Peter wanted to try farming a different way than what they had been doing in the past years.
The family farm now in the hands of Peter and Marieke and their two children is one that has gone through many changes over the years. The cows graze on 55 hectares of his own land situated just behind the cow barn in Foxwolde. The other land situated further away is used for growing grass to feed the cows in the winter, in total the Oosterhof family makes use of 80 hectares of land. The dairy farmers are happy with the way the farm is running now, but it took a few years before reaching this point. “With our current way of farming we feel connected to nature, the environment and cows.”
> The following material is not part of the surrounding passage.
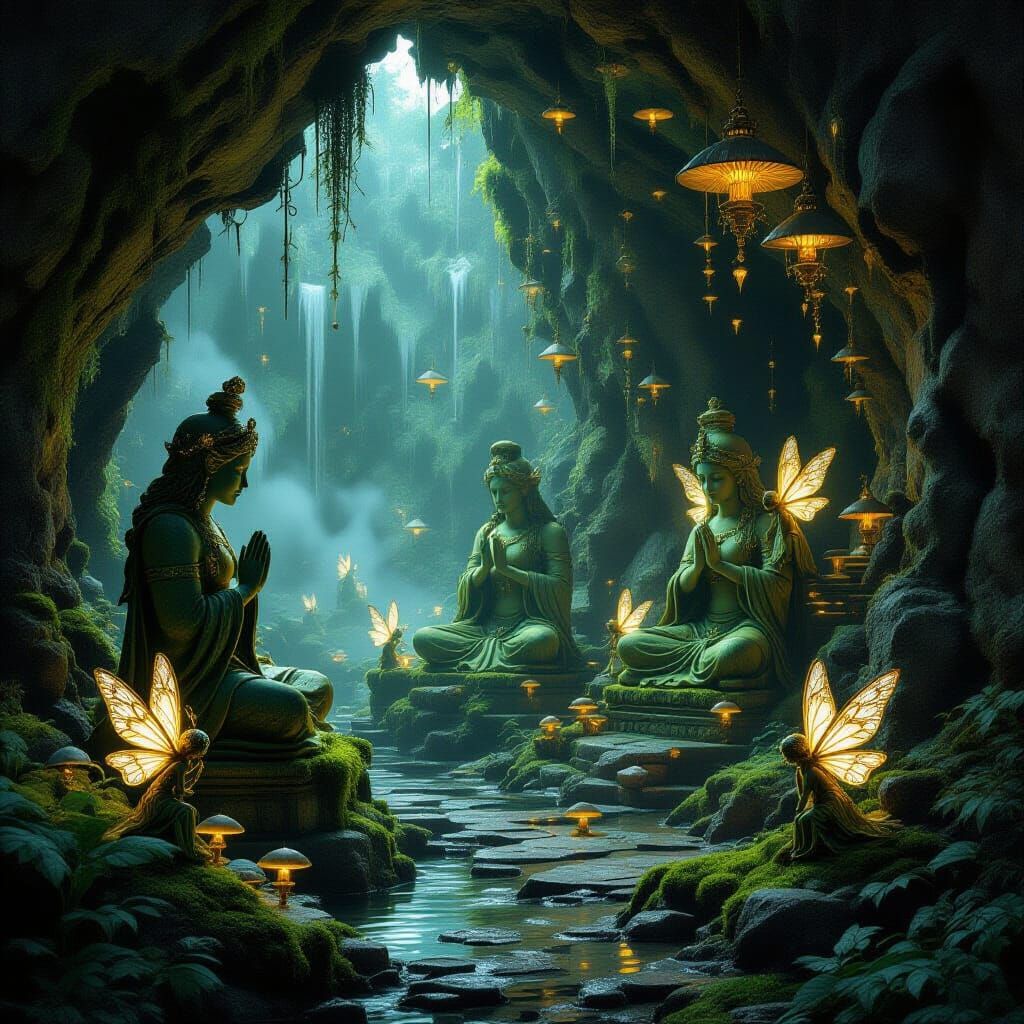 Bioluminescent Grotto with Clockwork Fairies in Fantasy Styl...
They started with crop diversification which included growing a variety of different herbs and grasses for their cows to graze on. Grazing ccurs 300 days per year (of which 240 is day and night). Photo: Zana van Dijk
Five years ago Peter and Marieke reviewed their farm costs, farm practices and took a step back to calculate how they were feeling in general about the set up of the farm. What they concluded was that they wanted to move away from conventional farming practices and start organic farming. Their goals included healthier cows, a better environment and lower costs. They wanted to try farming a different way than what they had been doing in the past years in order to achieve these goals.
Photo: Zana van Dijk
Herbs and healthy cows
So, they started with crop diversification which included growing a variety of different herbs and grasses for their cows to graze on. Peter is passionate about the concept of feeding his cows a variety of herbs and grasses. He firmly believes that with crop diversification, his cows have gone through tremendous health changes. However growing diverse grassland is still in its early stages he states, meaning not everything is known about it yet. When asked how the cows respond to eating herbs, he says: “I have started to see that they enjoy the variety very much, we’ve had no issues.” Peter adds: “Our grassland does not only consist of grass and clover, but also herbs such as yarrow, narrowleaf plantain and chicory. We have the frequently-used ryegrass and other deep-rooting varieties, such as cocksfoot and soft-leaf fescue grass. All these plants together ensure a good interaction between roots and other microorganisms in the soil, which in turn leads to proper storage, absorption and release of nutrients.” His cows graze in the pasture as often as possible, he believes that fresh grass means healthy soil, healthy cows and beneficial products.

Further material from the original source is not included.